One of the most elusive and challenging executive roles in larger corporations is that of the chief marketing officer (CMO). Typically responsible for all aspects of marketing, from initial product and sales pipeline development to customer retention, the CMO's role is both broad and significant. In fact, the pressure on most CMOs is so tremendous that the average tenure of a consumer brand CMO was 45 months in 2012. With such relatively high turnover, job security can be tenuous. Corporate marketers, agencies, and vendors looking for a long-term relationship with their CMOs must be able to make a positive and lasting impression on them. The following article outlines five key areas offering the greatest opportunity to impress your CMO.
Apply your understanding of roles and responsibilities
One of the most valuable lessons I've learned as a lifelong agency account manager and owner is the importance of developing a deep understanding of your client in order to have a productive and lasting relationship. Possessing working knowledge of the CMO's current roles and responsibilities is the essential starting point for a successful relationship. Beyond the standard CMO job description, each company has unique perspectives and expectations for this role. Make sure you know how your CMO differs from others.

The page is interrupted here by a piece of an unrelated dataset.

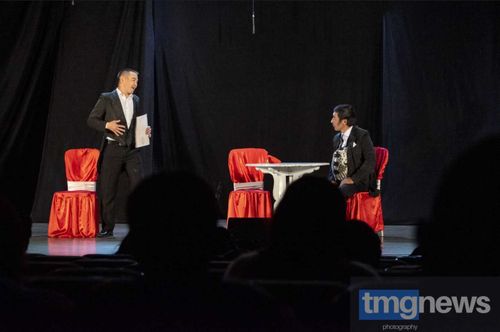 «Золотой олень», шаман и снежный барс. В Кызыле прошел республиканский фестиваль-конкурс любительских театров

A relatively new addition to the C-level executive suite, the CMO role has evolved beyond oversight of brand and marketing initiatives over the years. The modern CMO is being asked to own the customer experience through the entire product lifecycle, not just the top of the sales funnel. This requires breaking down internal silos and mapping marketing to the customer experience, rather than internal infrastructure. The modern CMO must rely heavily on technology vendors, data aggregators, and multiple agencies to measure marketing efforts, gain insights, and generate results.
Above all else, a CMO's survival is based on his or her ability to demonstrate a measurable return on investment (ROI) on any and all marketing efforts to the CEO and the rest of the C-suite. In some cases, the C-suite must first be educated on the value of marketing and the value of a CMO overseeing marketing efforts. Most CEOs, however, see the value of someone overseeing the "big picture" for the brand and understand that the role requires agile, creative thinking. Unfortunately, technology, social media, and changes in the way our culture consumes media makes the CMO's success a moving mark.
Experts within the marketing community believe the evolving CMO role will become more of a "project manager" who understands fully integrated issues, bringing together concepts of data, design, public relations, marketing, and advertising. The previous path from VP sales to CMO will become extinct in the near future, as a broader set of skills, knowledge, and experience will be required. In other words, the modern CMO's role will be all-encompassing, as the CMO will be playing the roles of collaborator and coordinator across the organization. Other experts believe the CMO title may someday be replaced by the chief customer officer (CCO), as a deeper understanding of the customer will ultimately lead to smarter marketing.